[WHAT YOU SHOULD DO]: Omit all pictures. Quote the lines from the one with "S3078 Noir et" through the end of the listing below, exactly as they appear.

════════

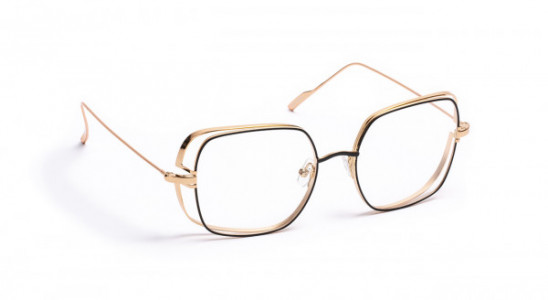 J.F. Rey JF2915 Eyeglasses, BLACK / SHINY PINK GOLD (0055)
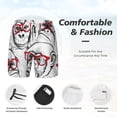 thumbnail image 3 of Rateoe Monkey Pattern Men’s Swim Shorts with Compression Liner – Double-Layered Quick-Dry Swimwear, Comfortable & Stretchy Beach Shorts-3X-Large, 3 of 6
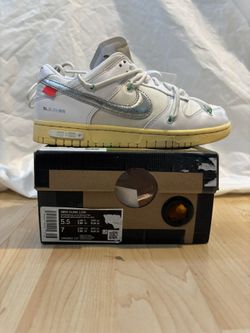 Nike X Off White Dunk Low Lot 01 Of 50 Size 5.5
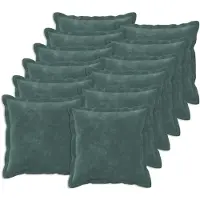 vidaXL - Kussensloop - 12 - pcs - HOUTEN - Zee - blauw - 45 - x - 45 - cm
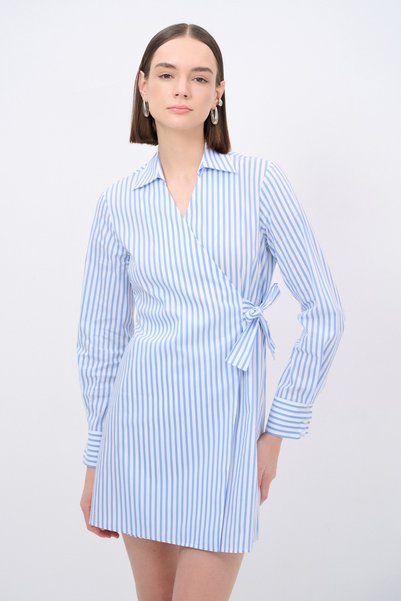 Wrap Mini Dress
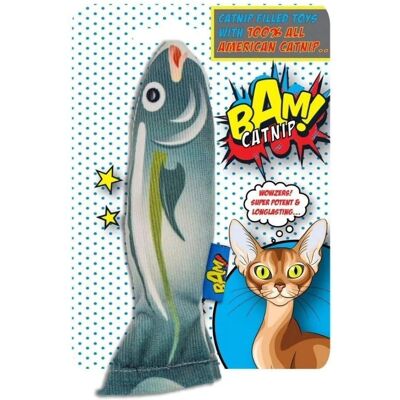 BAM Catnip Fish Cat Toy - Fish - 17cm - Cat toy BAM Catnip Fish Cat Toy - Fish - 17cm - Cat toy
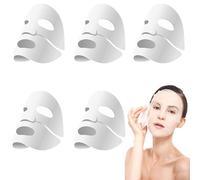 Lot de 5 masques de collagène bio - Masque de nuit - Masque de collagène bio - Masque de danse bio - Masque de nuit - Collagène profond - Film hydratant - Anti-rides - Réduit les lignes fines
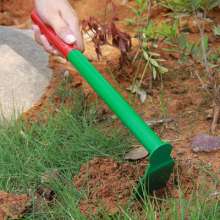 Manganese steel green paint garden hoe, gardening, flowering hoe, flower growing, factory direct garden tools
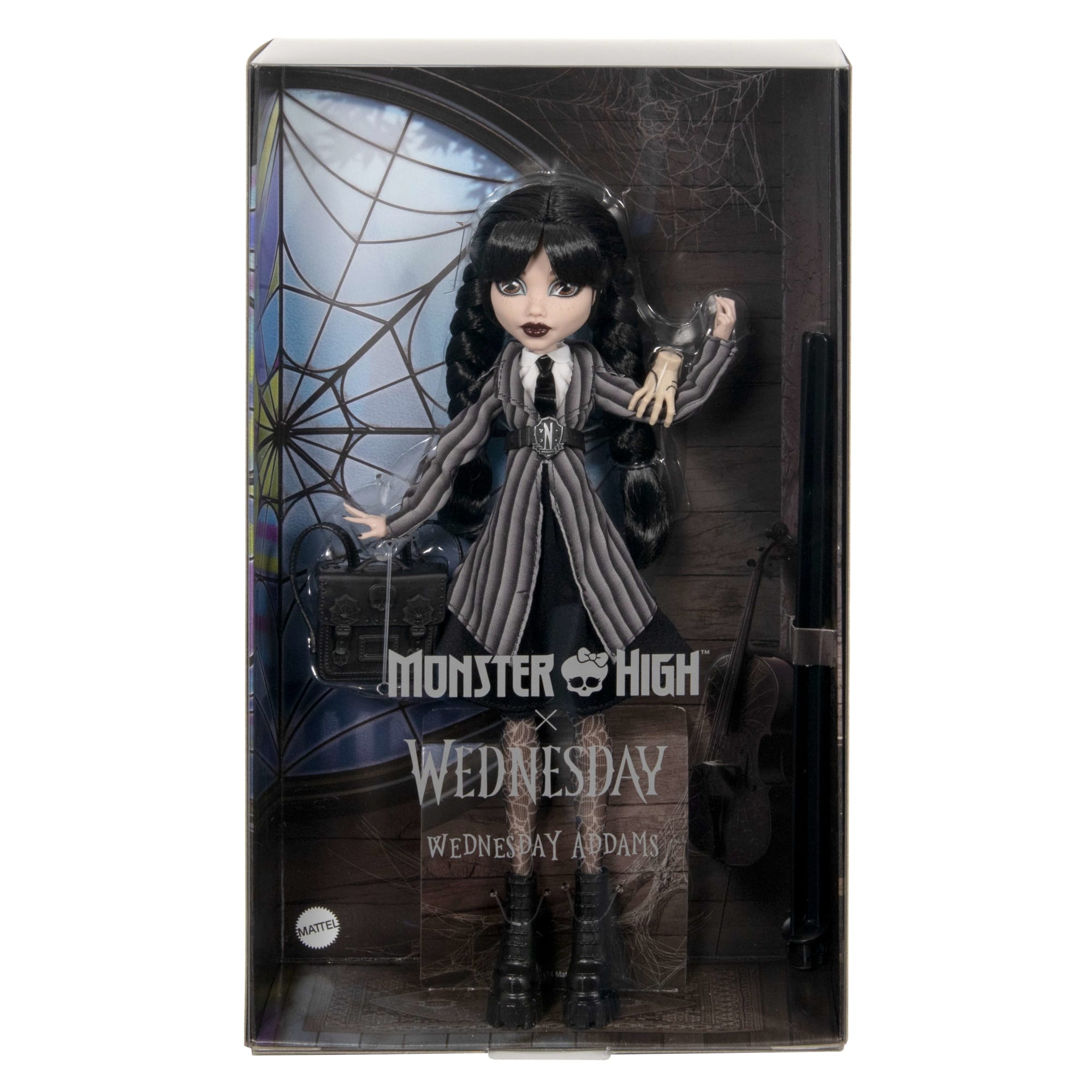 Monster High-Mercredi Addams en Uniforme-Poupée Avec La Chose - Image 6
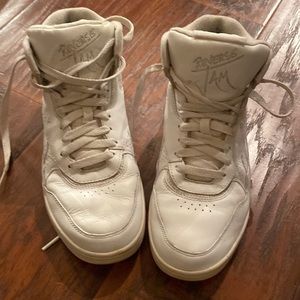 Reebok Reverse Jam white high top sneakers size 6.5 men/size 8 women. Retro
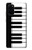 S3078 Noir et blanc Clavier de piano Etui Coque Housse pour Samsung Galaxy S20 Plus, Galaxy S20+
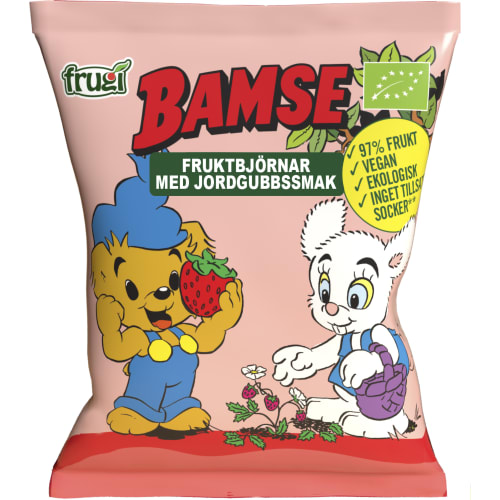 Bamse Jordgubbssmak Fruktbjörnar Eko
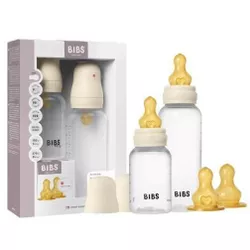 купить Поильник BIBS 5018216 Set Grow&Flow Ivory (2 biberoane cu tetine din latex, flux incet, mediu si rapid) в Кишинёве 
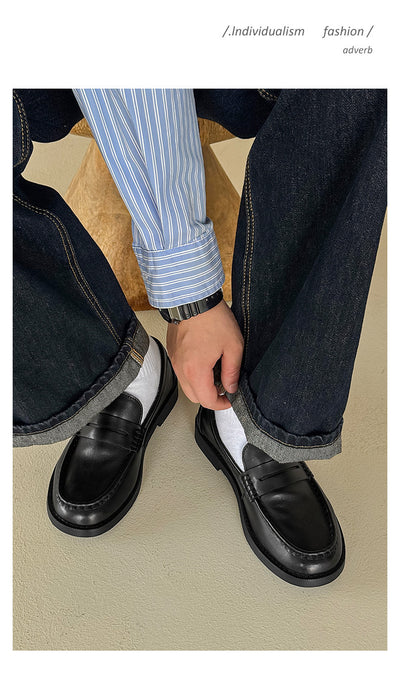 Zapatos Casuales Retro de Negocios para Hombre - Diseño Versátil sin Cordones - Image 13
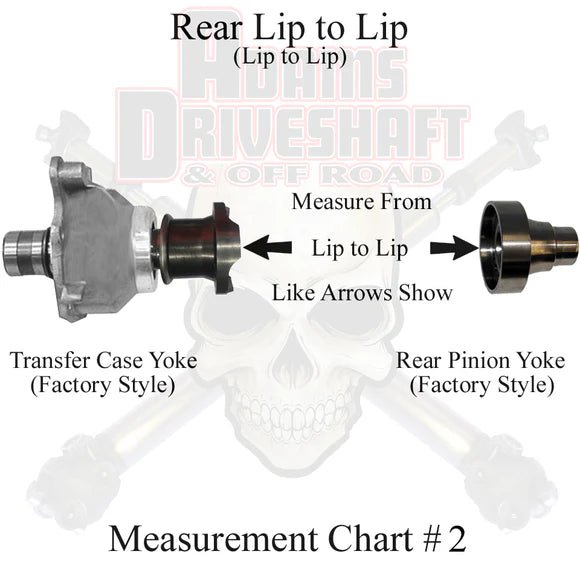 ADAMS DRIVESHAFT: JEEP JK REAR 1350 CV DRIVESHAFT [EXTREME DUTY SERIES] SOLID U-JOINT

════════

[EXERCISE ANSWER]:
 S3078 Noir et blanc Clavier de piano Etui Coque Housse pour Samsung Galaxy S20 Plus, Galaxy S20+
 Bamse Jordgubbssmak Fruktbjörnar Eko
 купить Поильник BIBS 5018216 Set Grow&Flow Ivory (2 biberoane cu tetine din latex, flux incet, mediu si rapid) в Кишинёве 
 Zapatos Casuales Retro de Negocios para Hombre - Diseño Versátil sin Cordones - Image 13
 ADAMS DRIVESHAFT: JEEP JK REAR 1350 CV DRIVESHAFT [EXTREME DUTY SERIES] SOLID U-JOINT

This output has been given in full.